• Danny, the computer scientist brother of young people’s author William Sleator, had a hard time learning to read when he was a young child. One day, he went with his father to his father’s lab. Left alone for a short time, he studied a fire alarm on the wall and deciphered the word PULL. Having deciphered the word, he then followed the instructions and pulled, setting off the fire alarm. His father was not upset; instead, he was happy that Danny was finally showing signs that he was not illiterate.
• The grandmother of young adult author Chris Crutcher used to tell him a story about when his father was a boy. In the sixth grade, he came home and told her, “A lot of the other kids in my class think I’m arrogant.” She told him that he could change the other kids’ opinion of him by doing such things as not answering every question the teacher asked and letting the other kids have a chance to answer a few questions. Chris’ father thought for a moment, then said, “Naw, I’d rather be arrogant.”
• The pupils of a teacher wished to drive evil from the world, so they asked him how to do that. The teacher took his pupils to a dark basement and told them that they would drive the darkness from the basement. First, the teacher told his pupils to use sticks to beat the darkness out of the basement, but that didn’t work. Next, the teacher told his pupils to shout at and curse the darkness to drive it out of the basement, but that didn’t work. Finally, the teacher told his pupils to light a candle.
• Many students are afraid of being made uncomfortable in the classroom because of exposure to beliefs that are different from their own. Writer Anna Quindlen once asked Elizabeth Castelli, a professor of religion at Barnard College, if she did anything to keep her students from feeling uncomfortable in the classroom. She replied, “It is not my job to make people comfortable. It is [my job] to educate them.” Ms. Quindlen wrote that when she heard this, “I nearly stood up and cheered.”
• Following the 9-11 attack on the World Trade Center, many Americans wanted revenge. A week after the attack, Dean Dorothy Denburg of Barnard College saw many people wearing Barnard College T-shirts on Fifth Avenue in New York passing out leaflets that called for tolerance toward people of all religions and all backgrounds. This took courage as many, many people, including high-ranking American politicians, wanted war, even against a country that had nothing to do with 9-11.

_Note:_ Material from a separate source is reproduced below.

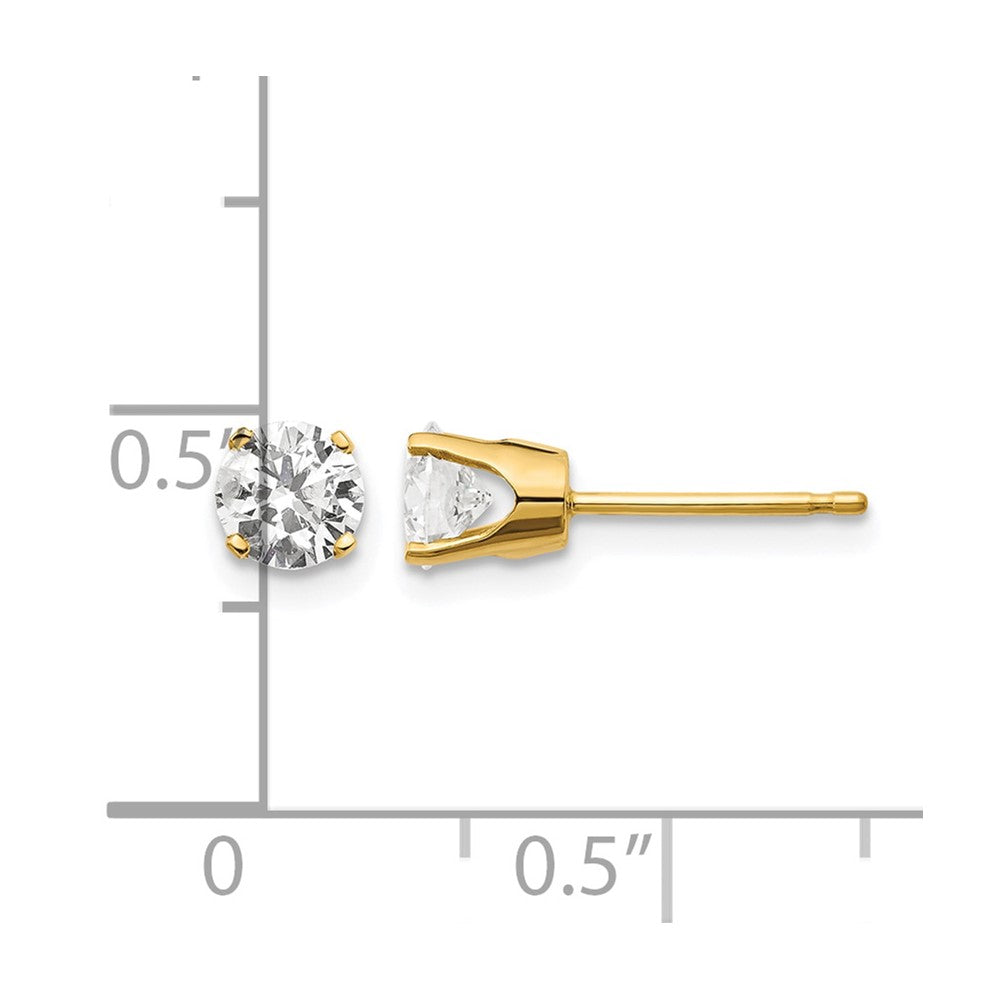14ky .85ct. I2 K-L Diamond Stud Push-on Post Earrings - WBC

• Not everyone supports giving honorary degrees to celebrities, including royal celebrities. In 1986, Monash University gave Prince Philip an honorary science degree. To protest, the Monash Association of Students gave their own honorary degree — to a 21-month-old Chihuahua. Some people thought the Chihuahua deserved the honorary degree as much as the prince did. Other people disagree, saying that the Chihuahua deserved the honorary degree more than the prince did.
• At times, students become excited by learning. During Spring Quarter of 1970, Ohio University professor Robert DeMott offered a course titled “Writers of the Beat Movement.” The course drew so many students that there was standing room only, with many students spilling out of the classroom and into the hallway. Later in 1970, he taught an Honors course on beat poet Gary Snyder — the class met in a teepee on property owned by an Ohio University art professor.
• Many books for young people have been censored or challenged, although defenders of free speech have often stood up to the would-be censors. For example, a librarian in the New York City school system threatened to quit if Paul Zindel’s novel The Pigman were placed in the library. Her supervisors told her to quit — if students wanted to read The Pigman, they could.
• Actor Will Smith’s father was strongly against illegal drugs. When Will was a teenager, his father drove him around the poorer sections of Philadelphia, showing him bums with nowhere to sleep but doorways. He told Will, “This is what people look like when they do drugs.” Will says, “I never tried drugs because I felt he would kill me. Literally.”